• _WHAT THE EXERCISE ASKS_:
The printed result should hold only the lines from the opening of the data through the line bearing "For the Azure", exactly as given and without pictures.

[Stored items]
*****
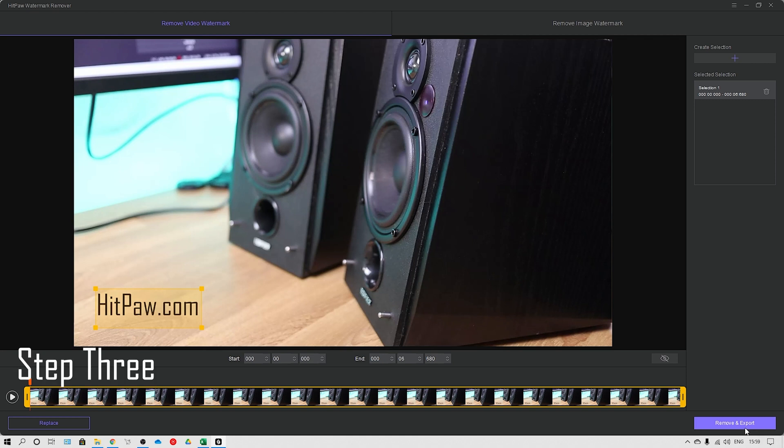Step three: all you need to do is click on 'Export and Remove' to remove the text from your video, and it's as simple as that.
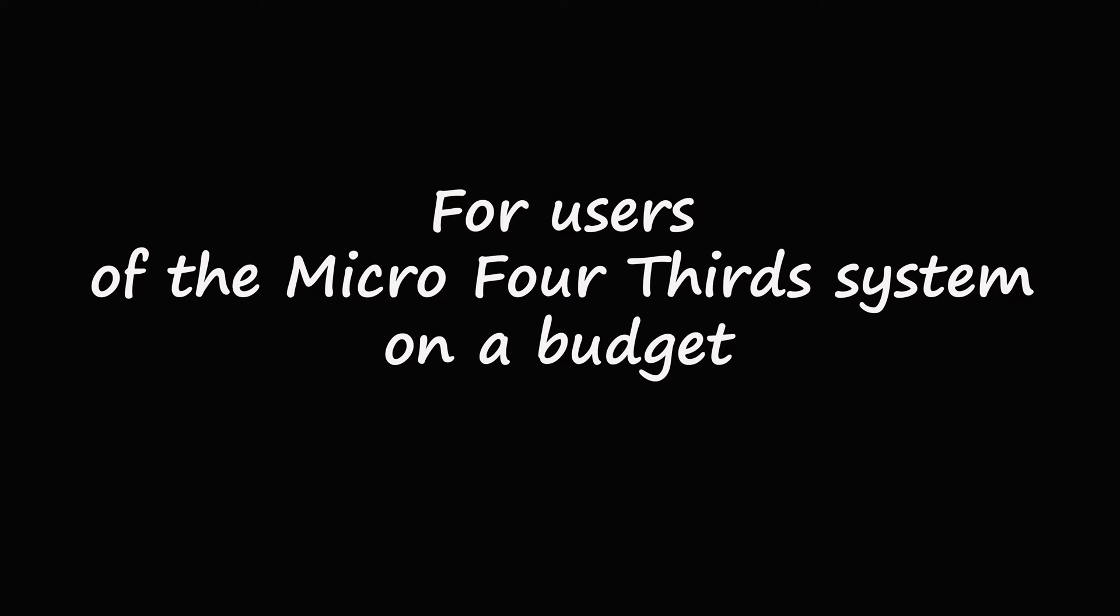For users of the Micro Four Thirds system who are on a budget and want an affordable focal reducer with usable optics and good build quality, there are three options that are readily available.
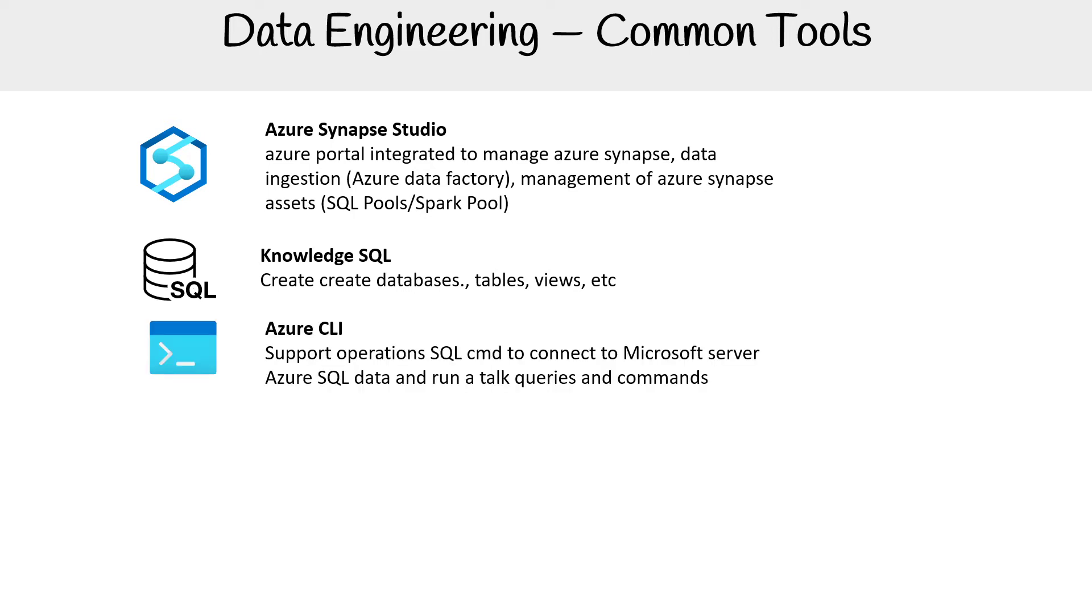For the Azure CLI, you'll have to be able to use it to execute SQL commands. Because once you connect to an SQL server via the CLI, you're just going to be running SQL from there.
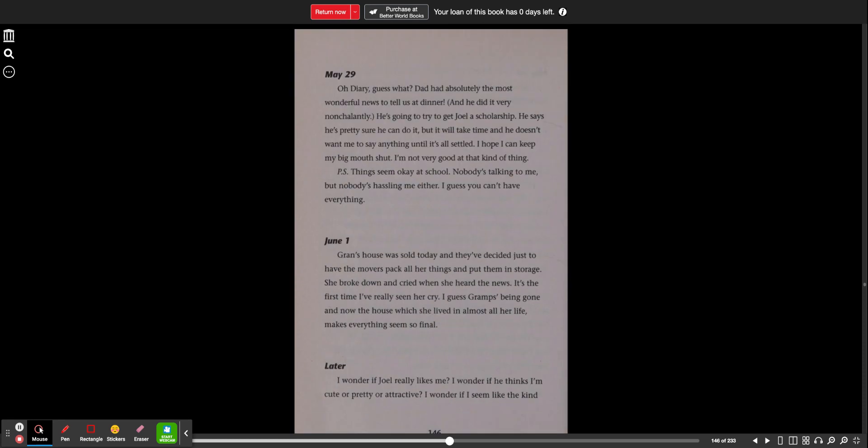May 29th. Oh diary, guess what? Dad had absolutely the most wonderful news to tell us at dinner, and he did it very nonchalantly. He's going to try to get Joel a scholarship. He says he's pretty sure he can do it, but it will take time and he doesn't want me to say anything until it's all settled. I hope I can keep my big mouth shut. I'm not very good at that kind of thing. P.S. Things seem okay at school. Nobody's talking to me, but nobody's hassling me either. I guess you can't have everything.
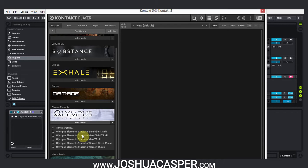What we're going to be doing is called a batch resave. What that does is it scans all of the instruments, the presets, and the NKI files, and confirms the pathways to the assets of the instrument for Kontakt.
*****
• _YOUR SOLUTION_:
Step three: all you need to do is click on 'Export and Remove' to remove the text from your video, and it's as simple as that.
For users of the Micro Four Thirds system who are on a budget and want an affordable focal reducer with usable optics and good build quality, there are three options that are readily available.
For the Azure CLI, you'll have to be able to use it to execute SQL commands. Because once you connect to an SQL server via the CLI, you're just going to be running SQL from there.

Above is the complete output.